[LLVMdev] request for tutorial

Owen Anderson resistor at mac.com
Thu Sep 26 10:18:04 PDT 2013


Have you read through http://llvm.org/docs/CodeGenerator.html ?  It's a reasonably good document, but IME people tend to ignore it.

On Sep 25, 2013, at 2:13 PM, Preston Briggs <preston.briggs at gmail.com> wrote:

> I don't really find it in the documentation so far, but I think the instruction selection stuff is based on a BURG-like pattern matcher. It seems like this is the key intellectual challenge for the not-completely RISC machines. Lots of discussion seems warranted, but I find none at all. Somewhere inside the x86 target must be a lot of stuff on how to handle a 2-address machine. I've done an x86 CG once before, and all of the fun was in getting the right set of patterns to handle the fancy addressing modes, the condition codes, and the 2-address instructions. I'm working on a 1-address machine now (an accumulator machine, with a set of register and an accumulator, and instructions of the form ACC += Register) and the pattern matcher to do everything optimally is delightful.

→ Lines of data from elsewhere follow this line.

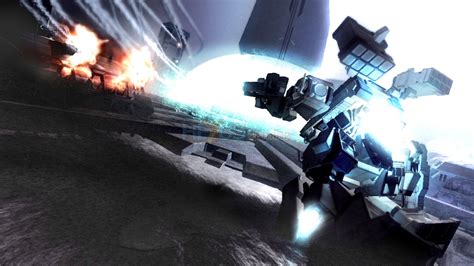 Armored Core 4 Xbox 360 And Ps3 Xbox 360 Feature
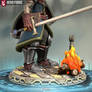 Exxen - Dark Souls (Hero Forge) 3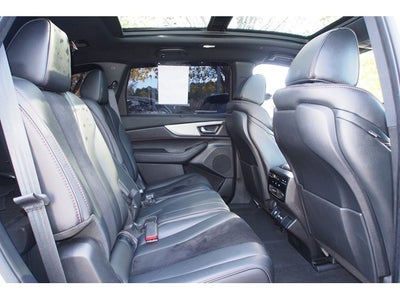 2024 Acura MDX w/A-Spec Package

SelectionDAG is actually not a BURG optimal tiler; it's a simple maximal munch pattern-matcher.  The output of the instruction selector is still in SSA form, which mandates that, no matter the address form of your machine, you'll need to model operations as been three-operand, with a tying constraint that will be satisfied later by the register allocator.  I don't know that anyone has been particularly successful at targeting accumulator architectures with LLVM, but you might look at how X86 handles integer multiplies for some inspiration.

> what do we want to build? Do we need an assembler?, a disassembler?, a JIT?, an instruction scheduler?, a register allocator?

The minimal amount of stuff you need to write is described in http://llvm.org/docs/WritingAnLLVMBackend.html#basic-steps

Generally speaking, it amounts to defining your register classes and instructions, and implementing enough callbacks for instruction selection and register allocation (e.g., how to materialize a copy).